Hyperparameter Tuning

> Hyperparameters are the knobs you turn before training starts. Turning them well is the difference between a mediocre model and a great one.

Type: Build

Language: Python

Prerequisites: Phase 2, Lesson 11 (Ensemble Methods)

Time: ~90 minutes

Learning Objectives

The Problem

Your gradient boosting model has a learning rate, number of trees, max depth, min samples per leaf, subsample ratio, and column sample ratio. That is six hyperparameters. If each has 5 reasonable values, the grid has 5^6 = 15,625 combinations. Training each takes 10 seconds. That is 43 hours of compute to try them all.

Grid search is the obvious approach and the worst one at scale. Random search does better with less compute. Bayesian optimization does even better by learning from past evaluations. Knowing which strategy to use, and which hyperparameters actually matter, saves days of wasted GPU time.

The Concept

Parameters vs Hyperparameters

Parameters are learned during training (weights, biases, split thresholds). Hyperparameters are set before training starts and control how learning happens.

Hyperparameter What it controls Typical range
Learning rate Step size per update 0.001 to 1.0
Number of trees/epochs How long to train 10 to 10,000
Max depth Model complexity 1 to 30
Regularization (lambda) Overfitting prevention 0.0001 to 100
Batch size Gradient estimation noise 16 to 512
Dropout rate Fraction of neurons dropped 0.0 to 0.5

Grid search evaluates every combination of specified values.

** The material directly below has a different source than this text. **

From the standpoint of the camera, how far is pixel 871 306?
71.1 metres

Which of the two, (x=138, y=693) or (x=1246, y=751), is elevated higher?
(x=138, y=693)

It is exhaustive and easy to understand, but scales exponentially with the number of hyperparameters.

Grid for 2 hyperparameters:

  learning_rate: [0.01, 0.1, 1.0]
  max_depth:     [3, 5, 7]

  Evaluations: 3 x 3 = 9 combinations

  (0.01, 3)  (0.01, 5)  (0.01, 7)
  (0.1,  3)  (0.1,  5)  (0.1,  7)
  (1.0,  3)  (1.0,  5)  (1.0,  7)

Grid search has a fundamental flaw: if one hyperparameter matters and the other does not, most evaluations are wasted. You get only 3 unique values of the important parameter from 9 evaluations.

Random search samples hyperparameters from distributions instead of a grid. With the same budget of 9 evaluations, you get 9 unique values of each hyperparameter.

flowchart LR subgraph Grid Search G1[3 unique learning rates] G2[3 unique max depths] G3[9 total evaluations] end subgraph Random Search R1[9 unique learning rates] R2[9 unique max depths] R3[9 total evaluations] end

Why random beats grid (Bergstra & Bengio, 2012):

Bayesian Optimization

Random search ignores results. It does not learn that high learning rates cause divergence or that depth 3 consistently outperforms depth 10. Bayesian optimization uses past evaluations to decide where to search next.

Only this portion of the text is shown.